DATA IN THIS EXERCISE ->
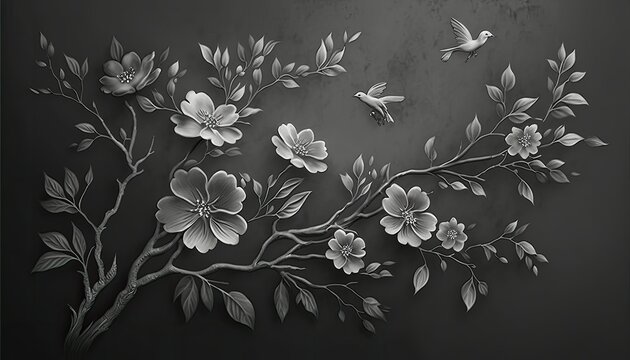 Beautiful Designer Seasonal Background with Charcoal gray Color Hue Spring Modern Wallpaper Template with Vibrant Hues and Stunning Scenery for Presentation, Ad, and All Applications (generative AI)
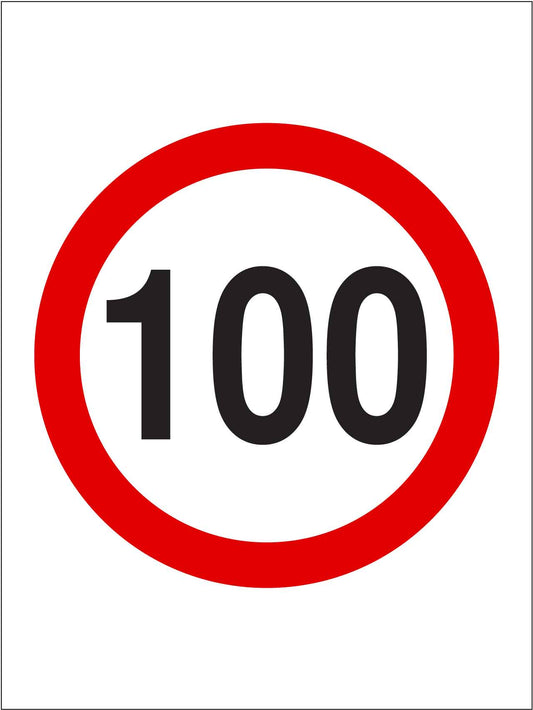 100km Speed Sign - New Signs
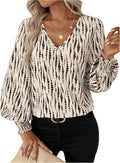 Women's Allover Printed Blouse Tops V Neck Lantern Long Sleeve Shirred Casual Work Shirt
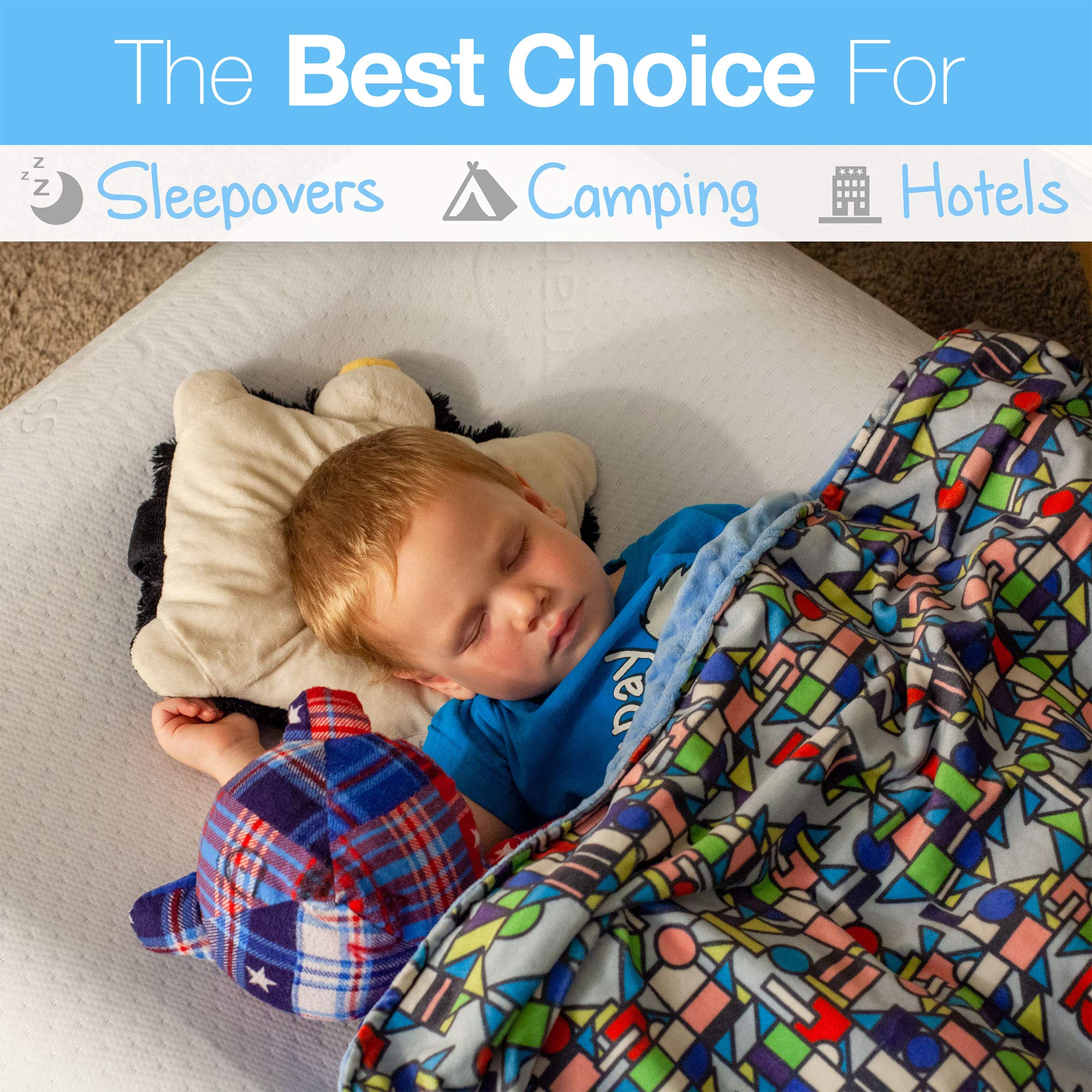 Air Mattress Toddler Inflatable Travel Bed with Safety Rail, Free Pump and Bed Sheet | Fits Children who Sleep in a Standard Crib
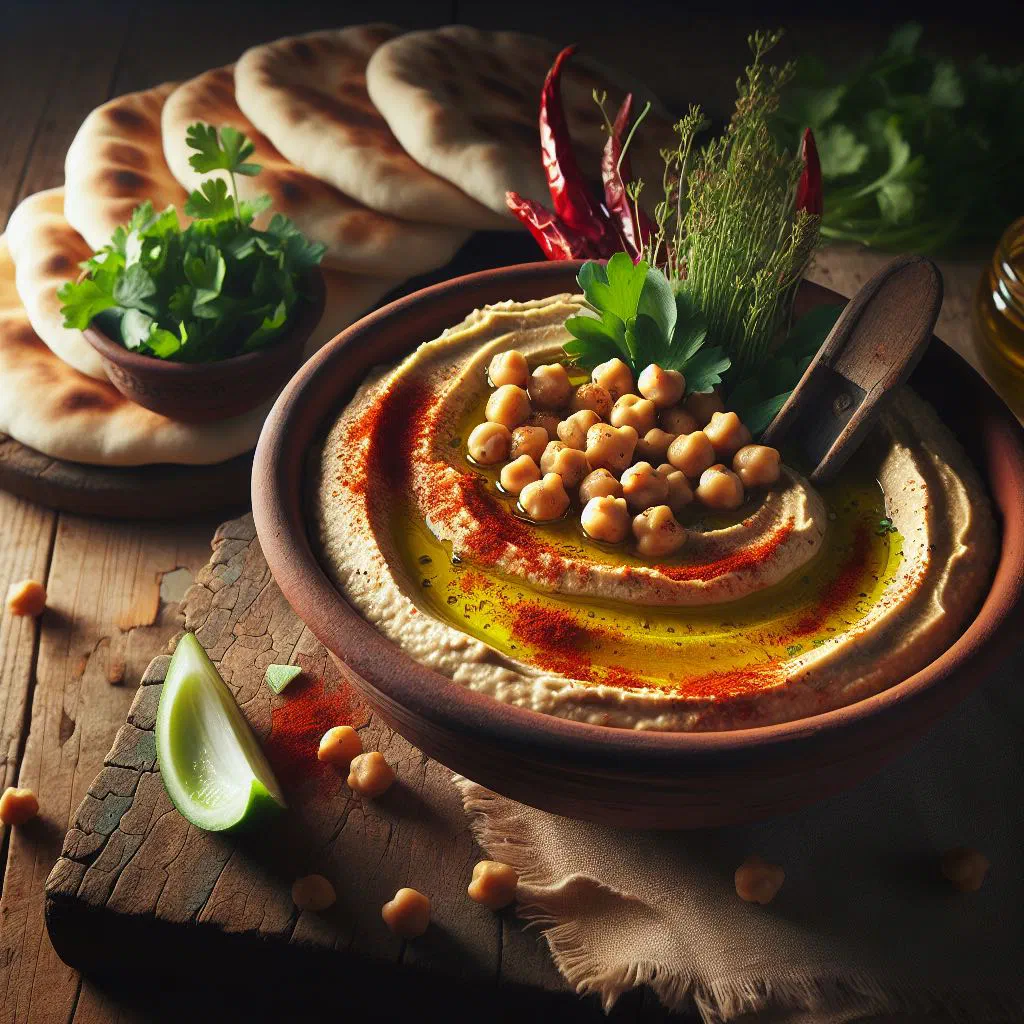 Bowl of creamy hummus drizzled with olive oil and sprinkled with paprika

WHAT IS REQUIRED -> An exact restatement is expected of the lines from the line containing "100km Speed Sign - New Signs" to the end of the data above, pictures excluded.

ANSWER ->
 100km Speed Sign - New Signs
 Women's Allover Printed Blouse Tops V Neck Lantern Long Sleeve Shirred Casual Work Shirt
 Air Mattress Toddler Inflatable Travel Bed with Safety Rail, Free Pump and Bed Sheet | Fits Children who Sleep in a Standard Crib
 Bowl of creamy hummus drizzled with olive oil and sprinkled with paprika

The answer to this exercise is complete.